Kooperation statt Freihandel
Entwicklungspolitische und Umweltverbände fordern eine Umkehr in der Politik der Industriestaaten
Von Jutta Blume und Jürgen Weber *
Die Kritik an den sozialen und ökologischen Folgen weiterer
Liberalisierung und Deregulierung des Welthandels hat gewirkt: Die 2001
in Doha gestartete Verhandlungsrunde zur Reform der Welthandelsregeln
sollte zumindest auf dem Papier die Probleme der Entwicklungsländer
berücksichtigen. Tatsächlich ging es aber erneut vor allem um weitere
Liberalisierungsschritte, die wegen des Widerstandes der
Entwicklungsländer bislang nicht vereinbart wurden. Die Industrieländer
setzen daher auf bilaterale Freihandelsabkommen. Weltweit sind rund 350
solcher Abkommen in Verhandlung oder unterzeichnet.
Weiter als je zuvor ist die Welthandelsorganisation (WTO) von einem
gleichberechtigten, gerechten und multilateralen Handelssystem entfernt,
kritisieren Nichtregierungsorganisation (NRO).
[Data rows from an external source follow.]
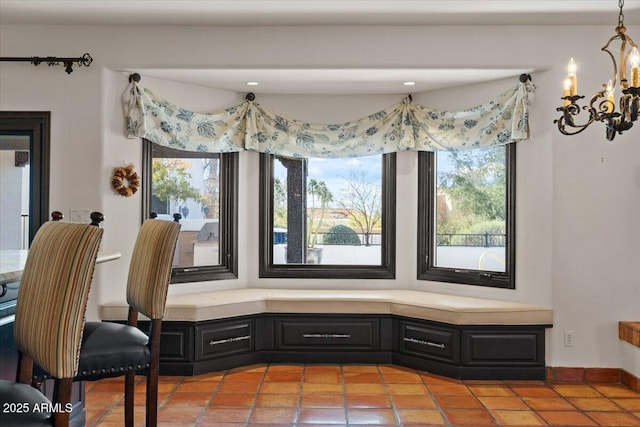 dining space with a notable chandelier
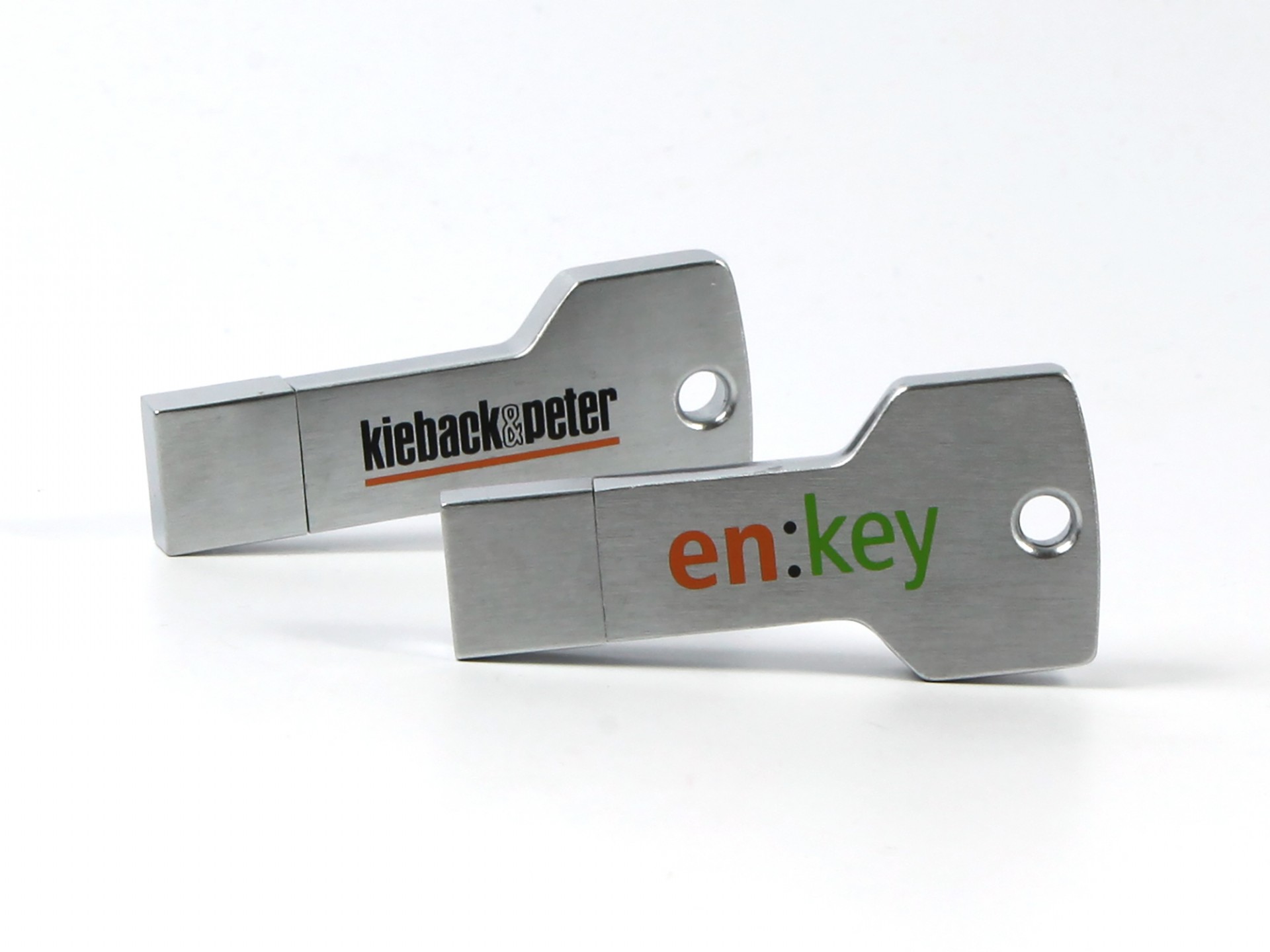 Zwei schlüsselförmige USB-Sticks aus Edelstahl mit individuell bedruckten Logos in orange und grün.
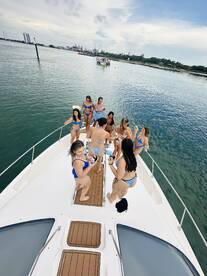 A lively group of friends enjoys a fun day on the boat, celebrating and socializing in stylish bikinis — perfect for summer parties on the water.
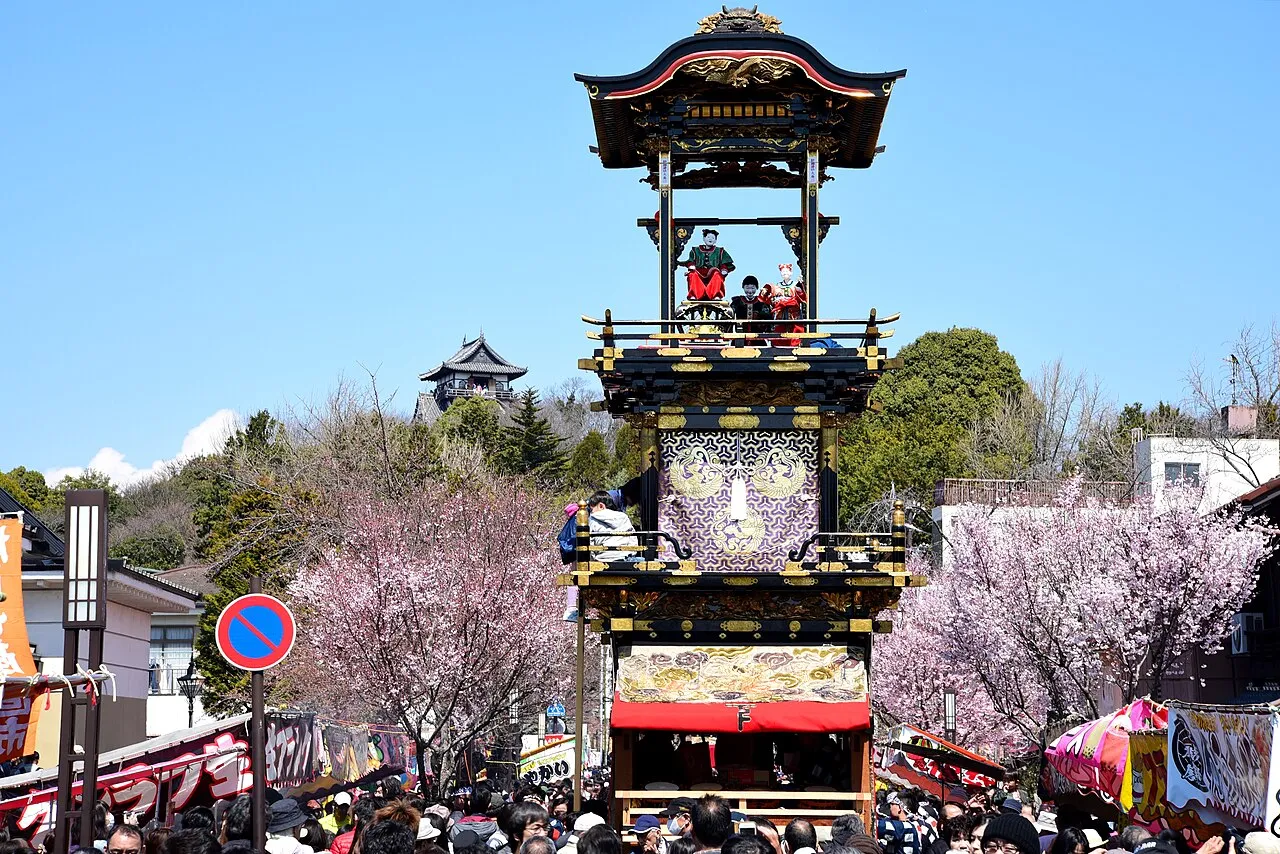 A tall three-tiered wooden float with a red curtain stands among cherry blossoms, with Inuyama Castle on the hill behind.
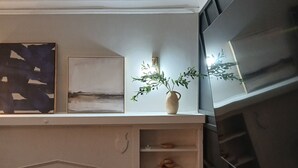 A room with a fireplace, shelves with decorative items, and a wall-mounted TV. - Private Romantic Retreat for Two • Luxury Escape (Chicago)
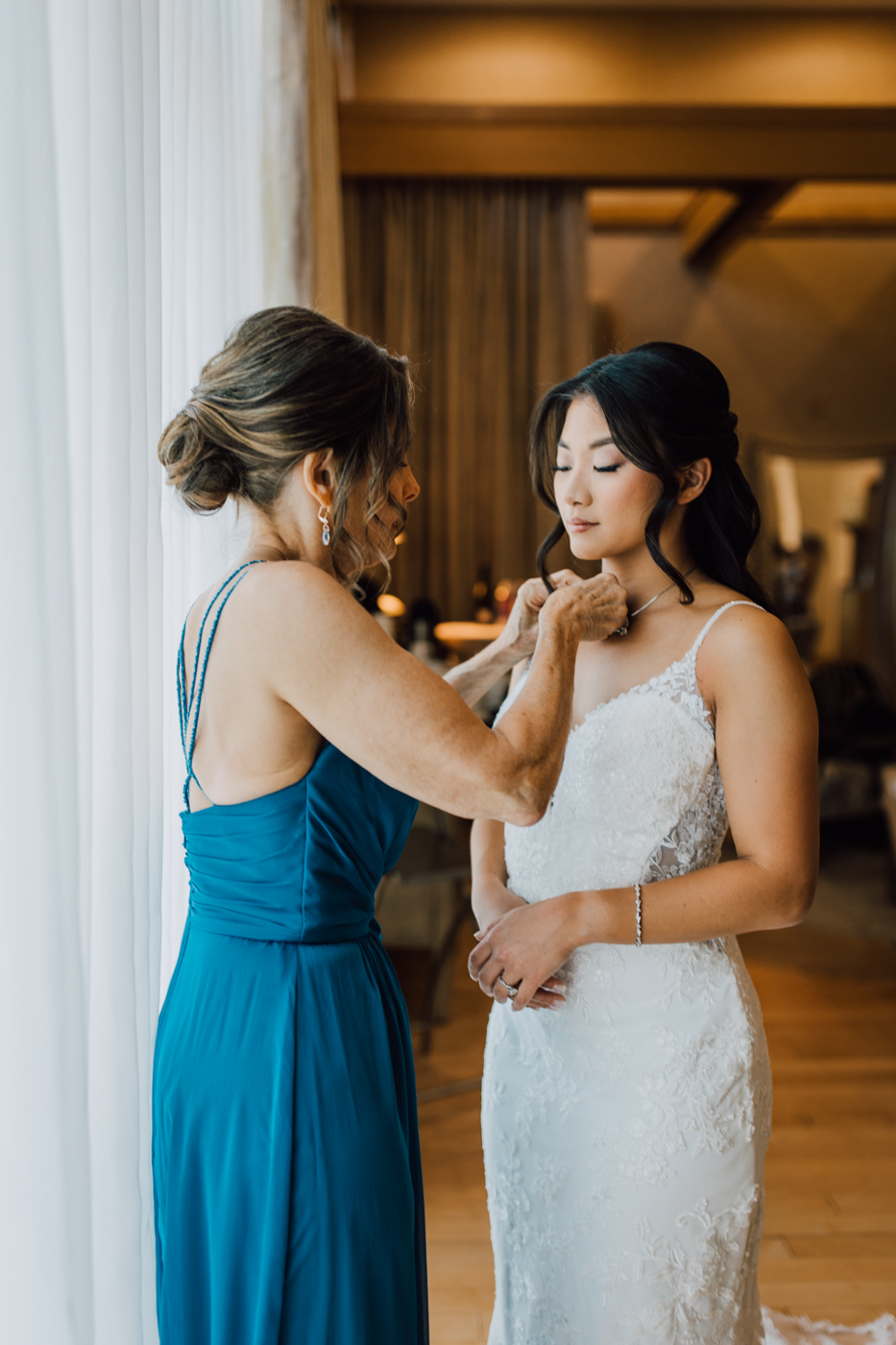  Bride’s mom helps her put on her jewelry before her elegant wedding at Lodge at Turning Stone 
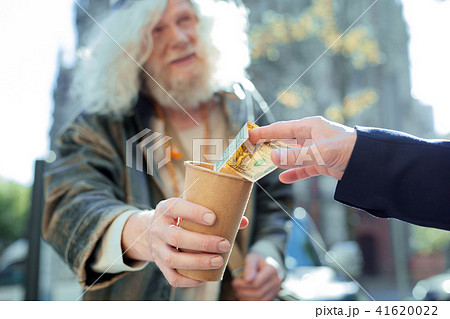Kind-hearted man helping homeless outside 41620022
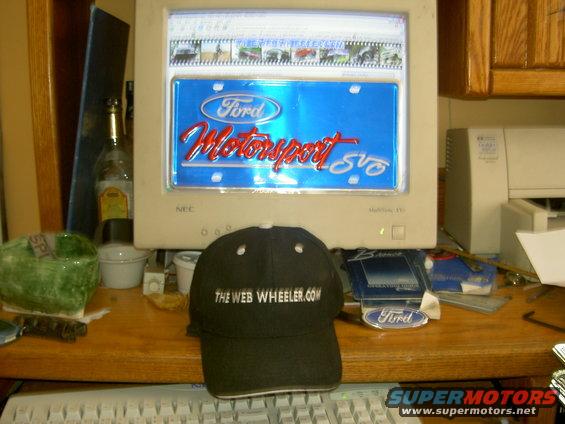Computer screen displaying a Ford Motorsport SVT logo and a row of small images at the top. A black baseball cap with 'THE WEB WHEELER.COM' is in front of the screen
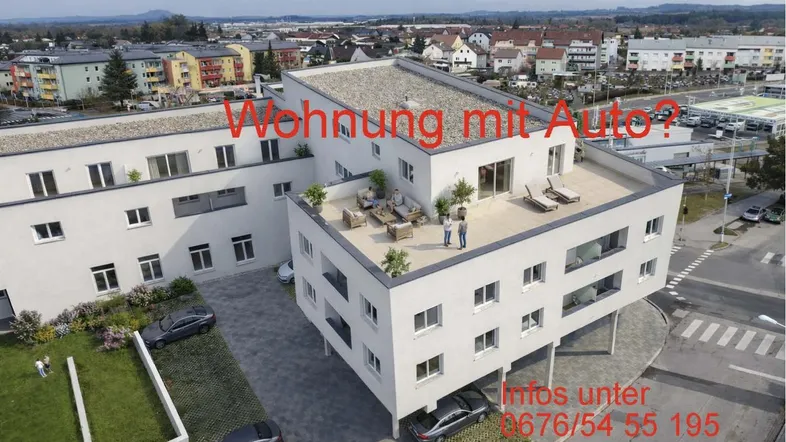Moderne Wohnanlage mit großer möblierter Dachterrasse und Blick auf die umliegende Stadt.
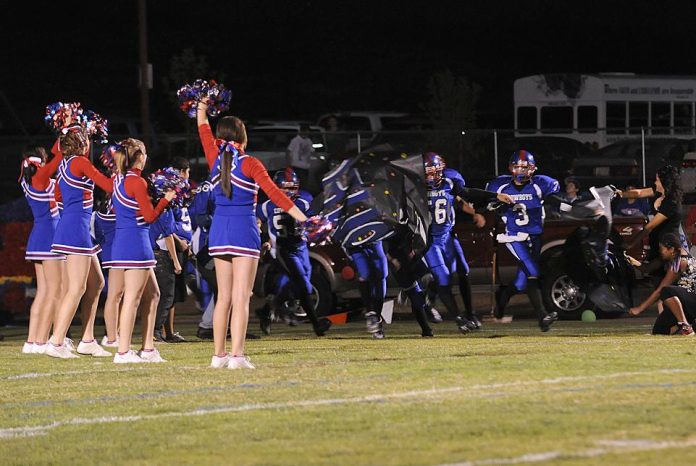 The Camp Verde High School Cowboys rush onto the field for the school’s homecoming football game Friday, Sept. 24. The Cowboys lost to Northwest Christian Academy, 28-0.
Die wettbewerbsfähigen
Industriestaaten setzen auf einen aggressiven Freihandelskurs, bei dem
die spezifischen Entwicklungserfordernisse des Südens weitgehend
ignoriert werden. Nach neun Jahren Verhandlungen der sogenannten
Doha-Entwicklungsrunde hat sich die Situation der meisten südlichen
Länder verschlechtert. Zwar ist es im Agrarbereich den
Entwicklungsländern durchaus gelungen, eigene Akzente zu setzen – so
musste die EU schon ein Enddatum für ihre Exportsubventionen zusagen.
Für Michael Frein vom Evangelischen Entwicklungsdienst (EED) und Tobias
Reichert vom Forum Umwelt & Entwicklung wäre ein Abschluss zu den
derzeitigen Bedingungen für die Entwicklungsländer aber ein »schlechter
Deal« für die Länder, »die im Agrarbereich weniger an Exportinteressen
als am Schutz ihrer Kleinbauern interessiert sein müssen«.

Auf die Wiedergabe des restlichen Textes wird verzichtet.